Deborah Jack
Deborah Jack
Jack uses video/sound installations, photography, painting and text work to explore trans-cultural existence, colonialism and mythology through memory. She has shown in solo and group shows worldwide.
Her works often explore scale, whether monumental as in SHORE or miniature such as her Bounty series from Bonaire salt mountains.
Early Life and Education
Deborah (or Debora in some versions of the bible) was an ancient biblical prophetess who led Israel’s forces to victory against Canaanite enemies during the 12th century B.C. She is revered as one of their champions.
Jack is an internationally acclaimed visual artist whose works explore trans-cultural existence, memory and its effects through rememory. Her video/sound installation, photography, painting and text works use multiple strategies to investigate how culture intersects with ecology in today’s globalized environment.
Love, Ruby Lavender was a New York Times bestseller and an American Library Association Notable Book; Ezra Jack Keats Books for Reading and Sharing selection; Bank Street Fiction Award recipient. Additionally, both Each Little Bird That Sings and Freedom Summer were nominated for National Book Awards and featured as Library Sense 76 selections.
Professional Career
Deborah Jack is both an artist and poet whose work explores how personal history connects to landscape and natural phenomena. Her artwork has been featured in solo and group exhibitions across Europe and the Caribbean; two poetry collections of hers titled Rainy Season and Skin have also been released and have been included in literary journals like Calabash and Caribbean Writer.

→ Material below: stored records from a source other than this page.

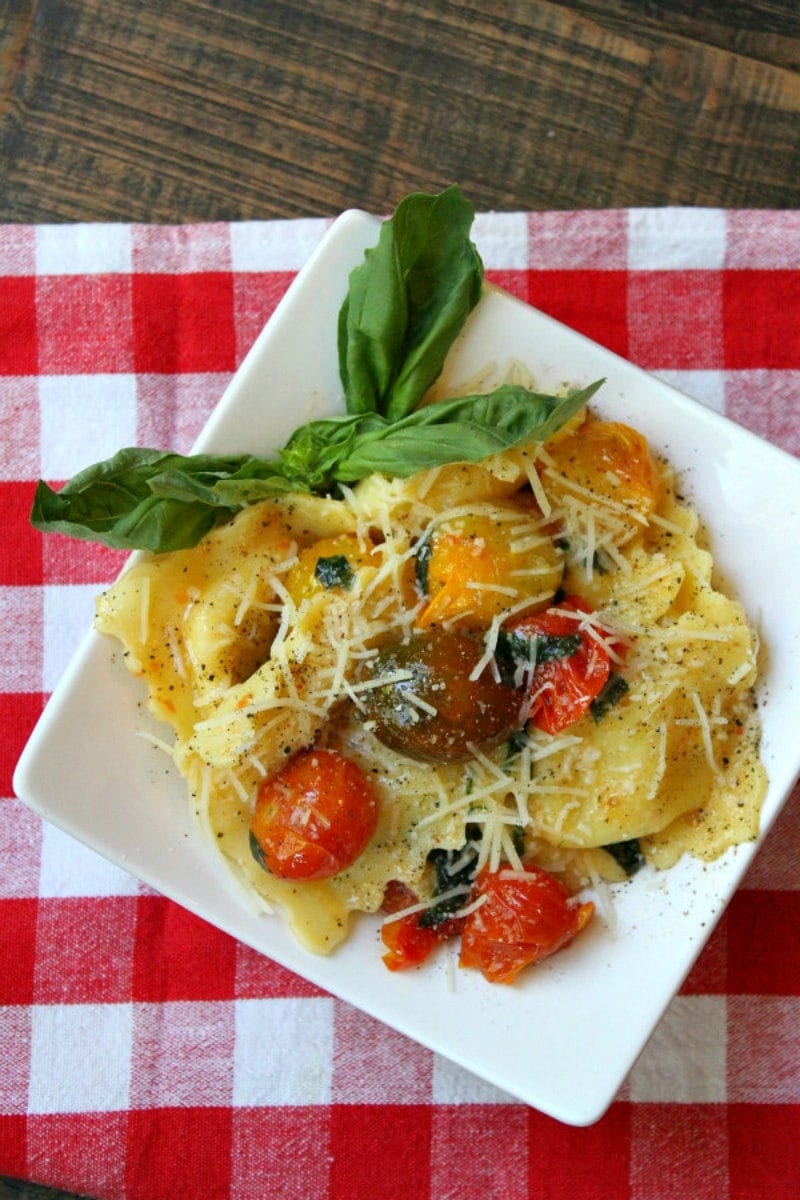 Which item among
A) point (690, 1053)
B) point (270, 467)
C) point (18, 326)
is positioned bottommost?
point (690, 1053)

Jack uses her island home’s seascape and landscape as both subject matter and medium in her practice, employing video/sound installation, photography, painting and text as tools to mine intersections between colonial histories, cultural memory, ecology and climate change. Her work subtly disrupts tropical fantasies by playing with scale.
Achievement and Honors
Deborah Jack has won multiple awards as a visual artist. She has participated in multiple literary festivals including Utan Kayu Literary Bienale and Global Poetry Festival; as well as giving readings and teaching writing workshops worldwide.
She is also a published poet, having produced two collections of poetry. Her works have appeared in publications like The Caribbean Writer and Calabash.
Her artwork explores the turbulent history of her homeland and the effects of colonialism on culture, tradition, and family. Recurring themes include sea life in relation to black people as well as lens-based media to illustrate these wider concerns. Furthermore, she believes that landscape itself holds many Black histories which often go unexamined in archives.
Personal Life
Deborah Jack is a visual artist and poet specializing in video/sound installation, photography, painting and text. Her work examines trans-cultural existence, memory and the effects of colonialism on family, culture and tradition; using various strategies she exploits the intersections among histories, cultural memory, ecology and climate change as she navigates a global present.
As a multidisciplinary artist, she explores natural spaces as sites of cultural memory and knowledge to tell tales of past and present, loss and trauma, healing and transformation. As a Black femme writer/poet with two poetry collections under her belt – exploring Black femme literary traditions as well as strategies of survival; receiving several grants and awards including a Lightwork residency residency award – and her works having been shown internationally,
Net Worth
Deborah is a multi-disciplinary artist working across video/sound installation, photography, painting and text. In addition to these practices, Deborah also serves as a college instructor and has published two poetry collections; performing them across the Caribbean, United States and Indonesia.
She boasts an estimated net worth of $5 Million and invests in various ventures. A regular participant on TV show Dragons’ Den, she has invested in 33 businesses.
Eugene Levy and Sarah have two children together: Daniel co-created Schitt’s Creek which earned numerous award nominations and several wins; Eugene himself has an estimated net worth of $20 Million while her assets minus debts equal her net worth.